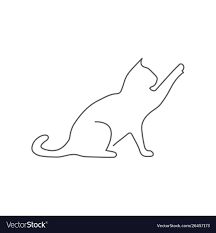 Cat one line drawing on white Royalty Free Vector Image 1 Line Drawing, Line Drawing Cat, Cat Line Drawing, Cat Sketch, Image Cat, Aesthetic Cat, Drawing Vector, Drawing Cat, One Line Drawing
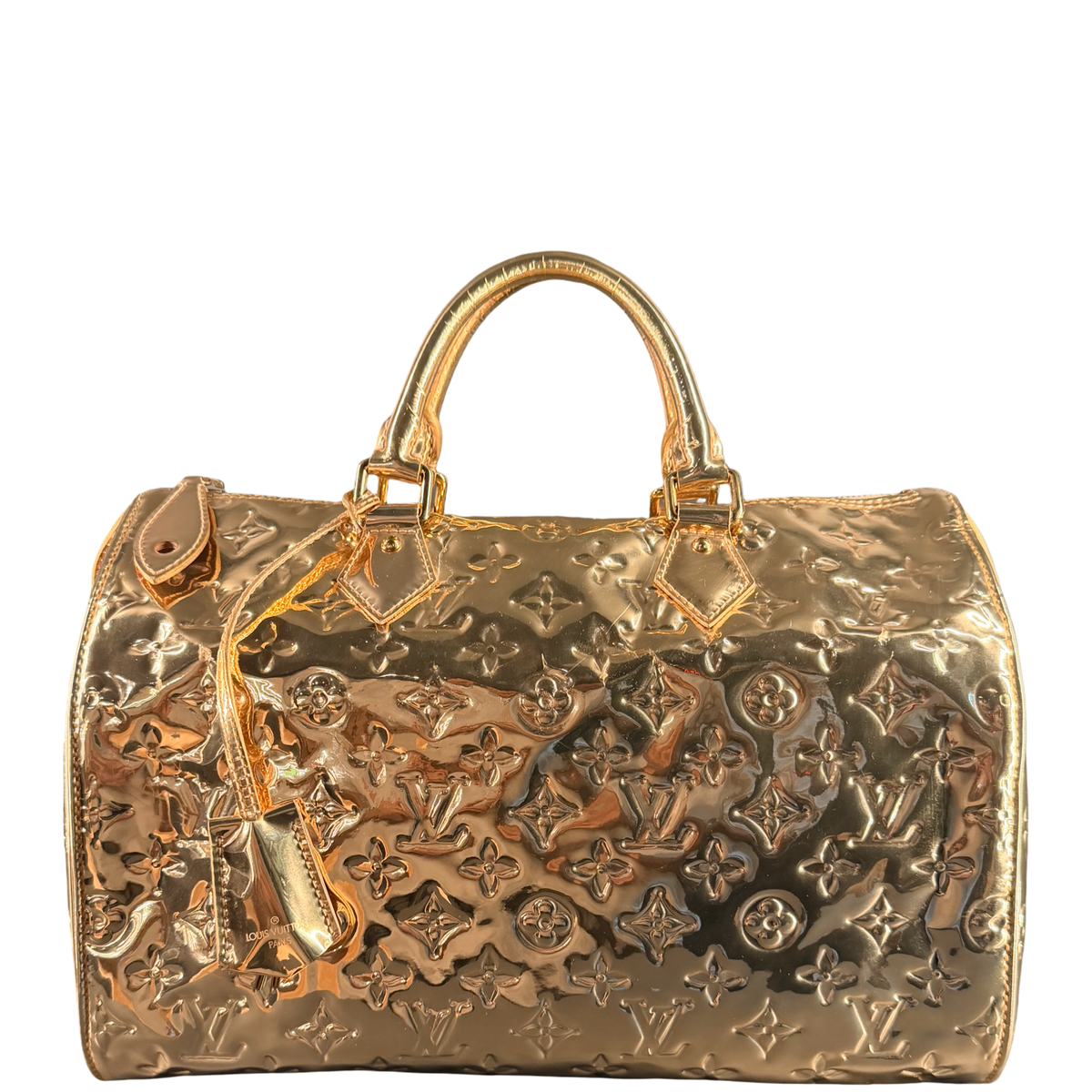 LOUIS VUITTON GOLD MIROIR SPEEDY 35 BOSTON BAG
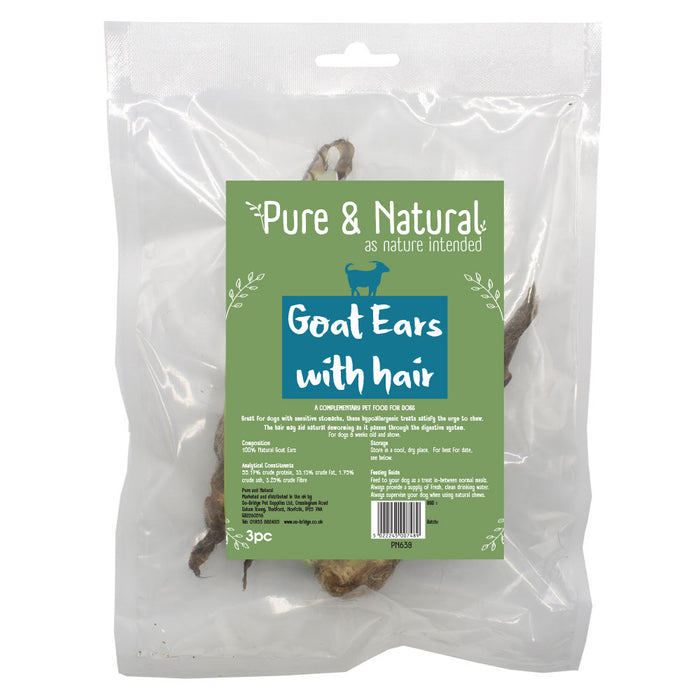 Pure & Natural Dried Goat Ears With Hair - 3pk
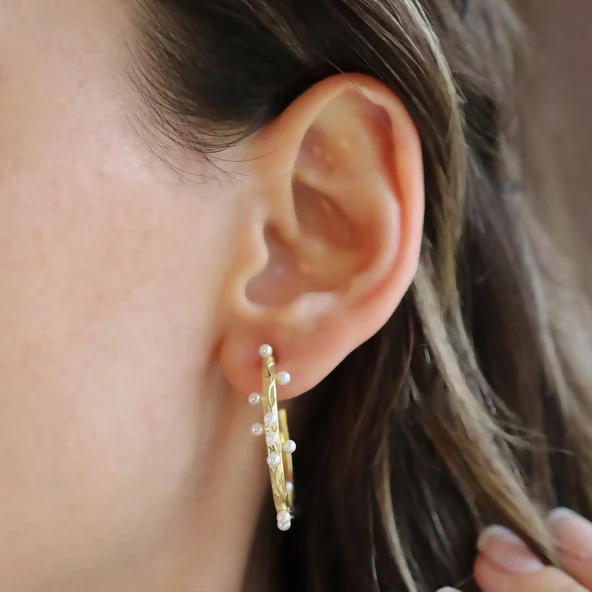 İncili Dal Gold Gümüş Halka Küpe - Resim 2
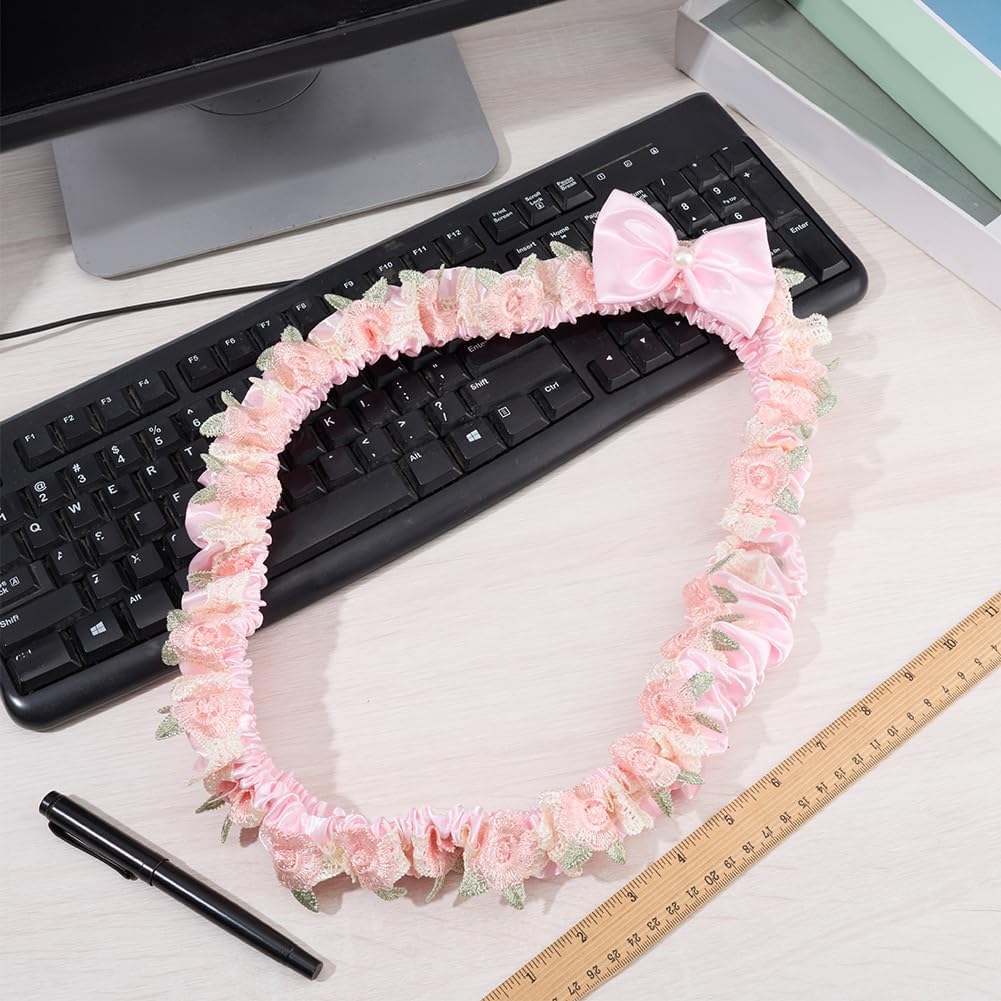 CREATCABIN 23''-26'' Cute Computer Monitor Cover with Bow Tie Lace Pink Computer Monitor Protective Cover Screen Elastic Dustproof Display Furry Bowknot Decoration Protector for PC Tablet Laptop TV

→ EXERCISE DETAILS:
Print the entire listing precisely as written, omitting the images it holds.

→ SOLUTION TO THE PROBLEM:
 Cat one line drawing on white Royalty Free Vector Image 1 Line Drawing, Line Drawing Cat, Cat Line Drawing, Cat Sketch, Image Cat, Aesthetic Cat, Drawing Vector, Drawing Cat, One Line Drawing
 LOUIS VUITTON GOLD MIROIR SPEEDY 35 BOSTON BAG
 Pure & Natural Dried Goat Ears With Hair - 3pk
 İncili Dal Gold Gümüş Halka Küpe - Resim 2
 CREATCABIN 23''-26'' Cute Computer Monitor Cover with Bow Tie Lace Pink Computer Monitor Protective Cover Screen Elastic Dustproof Display Furry Bowknot Decoration Protector for PC Tablet Laptop TV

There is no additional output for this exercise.